### [Task data]
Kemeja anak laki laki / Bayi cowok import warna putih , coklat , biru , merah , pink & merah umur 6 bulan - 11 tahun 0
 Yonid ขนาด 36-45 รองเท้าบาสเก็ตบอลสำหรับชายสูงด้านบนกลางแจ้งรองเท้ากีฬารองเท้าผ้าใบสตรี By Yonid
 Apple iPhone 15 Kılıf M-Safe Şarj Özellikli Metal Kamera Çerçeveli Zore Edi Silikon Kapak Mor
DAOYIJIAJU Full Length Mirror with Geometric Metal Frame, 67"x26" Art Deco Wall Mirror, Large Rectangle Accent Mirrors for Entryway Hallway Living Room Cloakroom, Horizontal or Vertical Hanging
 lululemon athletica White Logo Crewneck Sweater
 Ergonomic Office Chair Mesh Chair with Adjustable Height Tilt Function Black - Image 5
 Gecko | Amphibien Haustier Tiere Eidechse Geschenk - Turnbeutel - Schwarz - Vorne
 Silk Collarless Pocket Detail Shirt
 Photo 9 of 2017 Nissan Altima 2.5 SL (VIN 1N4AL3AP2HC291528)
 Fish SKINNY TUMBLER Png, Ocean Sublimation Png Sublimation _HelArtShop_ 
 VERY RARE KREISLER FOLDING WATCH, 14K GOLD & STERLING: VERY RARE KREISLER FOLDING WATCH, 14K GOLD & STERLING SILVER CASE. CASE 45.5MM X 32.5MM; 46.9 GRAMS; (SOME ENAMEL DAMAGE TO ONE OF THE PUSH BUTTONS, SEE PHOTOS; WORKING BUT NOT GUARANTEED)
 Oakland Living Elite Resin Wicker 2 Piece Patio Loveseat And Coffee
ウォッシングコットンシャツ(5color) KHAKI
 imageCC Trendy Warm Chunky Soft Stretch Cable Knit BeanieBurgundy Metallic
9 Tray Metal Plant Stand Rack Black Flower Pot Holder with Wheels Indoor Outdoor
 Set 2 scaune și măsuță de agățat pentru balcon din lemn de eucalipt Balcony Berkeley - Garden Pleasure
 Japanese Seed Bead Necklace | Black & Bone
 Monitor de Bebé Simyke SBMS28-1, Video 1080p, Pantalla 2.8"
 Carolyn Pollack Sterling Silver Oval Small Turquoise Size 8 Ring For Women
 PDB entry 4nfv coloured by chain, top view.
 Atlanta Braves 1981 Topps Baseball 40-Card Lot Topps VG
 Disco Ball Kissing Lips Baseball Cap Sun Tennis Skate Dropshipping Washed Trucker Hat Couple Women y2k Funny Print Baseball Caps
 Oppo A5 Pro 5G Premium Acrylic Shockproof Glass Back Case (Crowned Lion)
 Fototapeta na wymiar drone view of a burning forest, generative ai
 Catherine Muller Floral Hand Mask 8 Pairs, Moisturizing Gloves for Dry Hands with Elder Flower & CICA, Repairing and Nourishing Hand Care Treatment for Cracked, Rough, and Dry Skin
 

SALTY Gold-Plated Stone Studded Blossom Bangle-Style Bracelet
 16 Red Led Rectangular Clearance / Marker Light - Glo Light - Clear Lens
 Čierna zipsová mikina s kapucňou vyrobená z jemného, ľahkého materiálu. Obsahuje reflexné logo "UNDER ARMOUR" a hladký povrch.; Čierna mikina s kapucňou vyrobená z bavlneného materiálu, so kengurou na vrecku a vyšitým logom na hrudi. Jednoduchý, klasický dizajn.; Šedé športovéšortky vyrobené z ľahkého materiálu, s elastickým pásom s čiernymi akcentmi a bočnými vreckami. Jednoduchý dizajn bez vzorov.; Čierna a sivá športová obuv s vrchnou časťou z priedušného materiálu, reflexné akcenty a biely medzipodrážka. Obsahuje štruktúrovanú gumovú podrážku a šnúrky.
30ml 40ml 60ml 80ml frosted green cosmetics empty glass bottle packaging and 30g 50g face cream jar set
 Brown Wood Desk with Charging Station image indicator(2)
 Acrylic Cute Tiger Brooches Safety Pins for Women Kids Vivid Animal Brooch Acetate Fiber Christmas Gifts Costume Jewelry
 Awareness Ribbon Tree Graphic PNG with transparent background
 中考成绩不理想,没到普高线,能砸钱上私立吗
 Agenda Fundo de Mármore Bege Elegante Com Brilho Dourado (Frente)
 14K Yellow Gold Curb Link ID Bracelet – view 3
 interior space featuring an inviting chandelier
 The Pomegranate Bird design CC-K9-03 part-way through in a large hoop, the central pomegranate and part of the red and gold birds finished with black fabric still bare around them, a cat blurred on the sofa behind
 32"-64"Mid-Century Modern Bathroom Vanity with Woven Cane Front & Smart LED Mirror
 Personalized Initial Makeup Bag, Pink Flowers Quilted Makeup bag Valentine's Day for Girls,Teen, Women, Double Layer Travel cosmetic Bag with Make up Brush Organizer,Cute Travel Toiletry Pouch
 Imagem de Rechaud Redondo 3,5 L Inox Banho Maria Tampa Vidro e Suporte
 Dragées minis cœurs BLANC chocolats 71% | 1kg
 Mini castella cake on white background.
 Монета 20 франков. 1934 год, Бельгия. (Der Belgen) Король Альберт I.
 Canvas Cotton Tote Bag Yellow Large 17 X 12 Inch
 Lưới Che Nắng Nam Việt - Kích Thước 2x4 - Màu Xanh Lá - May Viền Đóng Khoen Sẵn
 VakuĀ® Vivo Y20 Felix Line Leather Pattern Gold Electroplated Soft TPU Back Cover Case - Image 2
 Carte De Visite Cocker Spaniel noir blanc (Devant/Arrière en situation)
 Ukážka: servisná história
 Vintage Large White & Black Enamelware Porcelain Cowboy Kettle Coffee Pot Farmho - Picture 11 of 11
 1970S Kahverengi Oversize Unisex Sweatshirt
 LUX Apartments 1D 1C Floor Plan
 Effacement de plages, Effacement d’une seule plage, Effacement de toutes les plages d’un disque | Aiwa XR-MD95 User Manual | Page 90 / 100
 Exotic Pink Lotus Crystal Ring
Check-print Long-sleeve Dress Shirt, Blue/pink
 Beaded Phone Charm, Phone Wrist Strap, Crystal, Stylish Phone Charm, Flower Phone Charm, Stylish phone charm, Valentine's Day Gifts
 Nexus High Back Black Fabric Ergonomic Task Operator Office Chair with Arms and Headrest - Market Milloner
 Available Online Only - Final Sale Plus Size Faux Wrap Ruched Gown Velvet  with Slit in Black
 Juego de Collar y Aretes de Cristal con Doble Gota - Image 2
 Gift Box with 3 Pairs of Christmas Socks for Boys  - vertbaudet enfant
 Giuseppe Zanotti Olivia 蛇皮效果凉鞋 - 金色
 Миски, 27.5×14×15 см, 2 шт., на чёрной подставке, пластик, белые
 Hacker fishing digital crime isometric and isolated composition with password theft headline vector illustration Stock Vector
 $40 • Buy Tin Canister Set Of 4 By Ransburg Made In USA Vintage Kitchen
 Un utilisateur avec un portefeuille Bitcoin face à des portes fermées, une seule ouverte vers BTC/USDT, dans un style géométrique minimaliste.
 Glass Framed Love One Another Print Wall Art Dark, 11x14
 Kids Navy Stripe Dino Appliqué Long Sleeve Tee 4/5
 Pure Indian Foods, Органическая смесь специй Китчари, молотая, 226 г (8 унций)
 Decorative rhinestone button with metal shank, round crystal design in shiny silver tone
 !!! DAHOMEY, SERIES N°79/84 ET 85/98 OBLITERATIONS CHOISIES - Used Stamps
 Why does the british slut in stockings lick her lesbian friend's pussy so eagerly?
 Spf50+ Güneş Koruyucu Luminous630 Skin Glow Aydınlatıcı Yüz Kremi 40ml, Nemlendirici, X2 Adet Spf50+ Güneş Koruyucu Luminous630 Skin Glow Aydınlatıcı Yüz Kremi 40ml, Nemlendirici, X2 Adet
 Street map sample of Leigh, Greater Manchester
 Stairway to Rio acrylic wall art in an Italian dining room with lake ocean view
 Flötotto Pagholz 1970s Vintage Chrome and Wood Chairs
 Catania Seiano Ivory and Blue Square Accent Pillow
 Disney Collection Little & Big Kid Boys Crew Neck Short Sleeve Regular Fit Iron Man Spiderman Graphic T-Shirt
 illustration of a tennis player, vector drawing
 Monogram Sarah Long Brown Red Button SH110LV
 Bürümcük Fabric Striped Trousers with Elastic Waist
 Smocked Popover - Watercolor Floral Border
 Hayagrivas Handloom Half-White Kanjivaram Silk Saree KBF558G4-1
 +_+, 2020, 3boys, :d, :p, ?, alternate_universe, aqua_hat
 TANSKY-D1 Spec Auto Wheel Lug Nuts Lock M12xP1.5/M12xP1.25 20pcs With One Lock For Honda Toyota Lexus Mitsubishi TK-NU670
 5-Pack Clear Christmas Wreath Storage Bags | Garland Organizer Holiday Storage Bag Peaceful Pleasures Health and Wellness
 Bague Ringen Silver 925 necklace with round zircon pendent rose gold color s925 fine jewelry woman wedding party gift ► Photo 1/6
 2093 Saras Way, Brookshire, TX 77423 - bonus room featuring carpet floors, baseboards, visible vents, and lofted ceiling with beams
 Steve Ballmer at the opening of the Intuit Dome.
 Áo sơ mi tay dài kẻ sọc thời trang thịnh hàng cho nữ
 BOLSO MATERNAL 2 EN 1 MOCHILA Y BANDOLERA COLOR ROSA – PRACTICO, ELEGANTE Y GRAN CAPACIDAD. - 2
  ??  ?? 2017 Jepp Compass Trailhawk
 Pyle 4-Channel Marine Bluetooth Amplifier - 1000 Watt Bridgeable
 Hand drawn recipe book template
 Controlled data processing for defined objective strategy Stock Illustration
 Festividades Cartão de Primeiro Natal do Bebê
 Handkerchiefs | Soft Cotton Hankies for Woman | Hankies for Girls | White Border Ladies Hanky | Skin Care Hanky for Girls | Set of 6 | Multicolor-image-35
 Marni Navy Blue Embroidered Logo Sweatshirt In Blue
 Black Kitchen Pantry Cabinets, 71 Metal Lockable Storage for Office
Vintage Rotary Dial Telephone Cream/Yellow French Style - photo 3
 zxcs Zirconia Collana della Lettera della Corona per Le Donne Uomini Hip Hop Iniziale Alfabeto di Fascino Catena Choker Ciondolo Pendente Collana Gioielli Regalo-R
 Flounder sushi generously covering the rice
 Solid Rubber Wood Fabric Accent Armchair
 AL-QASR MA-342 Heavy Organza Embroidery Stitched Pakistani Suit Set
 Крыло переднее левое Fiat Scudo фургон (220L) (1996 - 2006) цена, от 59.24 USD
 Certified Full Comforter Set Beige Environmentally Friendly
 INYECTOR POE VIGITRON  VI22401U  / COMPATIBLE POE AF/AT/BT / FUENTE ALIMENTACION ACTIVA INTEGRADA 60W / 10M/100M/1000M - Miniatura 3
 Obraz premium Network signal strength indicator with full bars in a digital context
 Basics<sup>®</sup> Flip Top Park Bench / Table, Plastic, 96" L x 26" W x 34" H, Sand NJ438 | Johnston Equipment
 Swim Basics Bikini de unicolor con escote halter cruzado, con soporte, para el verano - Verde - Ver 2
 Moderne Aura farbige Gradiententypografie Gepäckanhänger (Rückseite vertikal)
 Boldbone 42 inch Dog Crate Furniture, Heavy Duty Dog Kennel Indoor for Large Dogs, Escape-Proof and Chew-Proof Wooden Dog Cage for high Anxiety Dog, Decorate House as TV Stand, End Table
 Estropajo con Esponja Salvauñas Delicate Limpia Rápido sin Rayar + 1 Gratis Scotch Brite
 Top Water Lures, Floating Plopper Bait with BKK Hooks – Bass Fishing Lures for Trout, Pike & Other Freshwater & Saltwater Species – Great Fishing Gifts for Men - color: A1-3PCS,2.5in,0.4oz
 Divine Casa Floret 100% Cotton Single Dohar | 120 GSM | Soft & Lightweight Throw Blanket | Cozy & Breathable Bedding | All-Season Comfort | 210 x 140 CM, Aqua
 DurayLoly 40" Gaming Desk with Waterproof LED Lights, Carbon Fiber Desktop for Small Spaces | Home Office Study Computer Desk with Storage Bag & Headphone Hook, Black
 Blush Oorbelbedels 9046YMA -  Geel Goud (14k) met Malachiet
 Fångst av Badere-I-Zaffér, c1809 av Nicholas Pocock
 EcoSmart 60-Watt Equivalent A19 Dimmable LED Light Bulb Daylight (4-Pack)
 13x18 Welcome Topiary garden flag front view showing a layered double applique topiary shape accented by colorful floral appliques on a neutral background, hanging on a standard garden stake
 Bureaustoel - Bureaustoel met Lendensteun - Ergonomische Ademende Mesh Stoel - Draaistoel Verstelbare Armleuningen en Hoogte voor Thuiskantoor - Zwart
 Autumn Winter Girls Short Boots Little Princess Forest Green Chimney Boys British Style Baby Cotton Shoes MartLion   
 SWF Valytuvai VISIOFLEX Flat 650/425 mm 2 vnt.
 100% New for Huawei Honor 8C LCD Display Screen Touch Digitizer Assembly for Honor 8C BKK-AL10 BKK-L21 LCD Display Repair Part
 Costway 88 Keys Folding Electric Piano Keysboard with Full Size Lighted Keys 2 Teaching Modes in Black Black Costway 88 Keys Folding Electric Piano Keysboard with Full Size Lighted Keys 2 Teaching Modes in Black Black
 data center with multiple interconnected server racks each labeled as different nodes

### [About this exercise]
Repeat exactly the lines that run from the opening of the listing through the line holding "Yonid ขนาด 36-45". Leave out everything else.

### [Answer box]
Kemeja anak laki laki / Bayi cowok import warna putih , coklat , biru , merah , pink & merah umur 6 bulan - 11 tahun 0
 Yonid ขนาด 36-45 รองเท้าบาสเก็ตบอลสำหรับชายสูงด้านบนกลางแจ้งรองเท้ากีฬารองเท้าผ้าใบสตรี By Yonid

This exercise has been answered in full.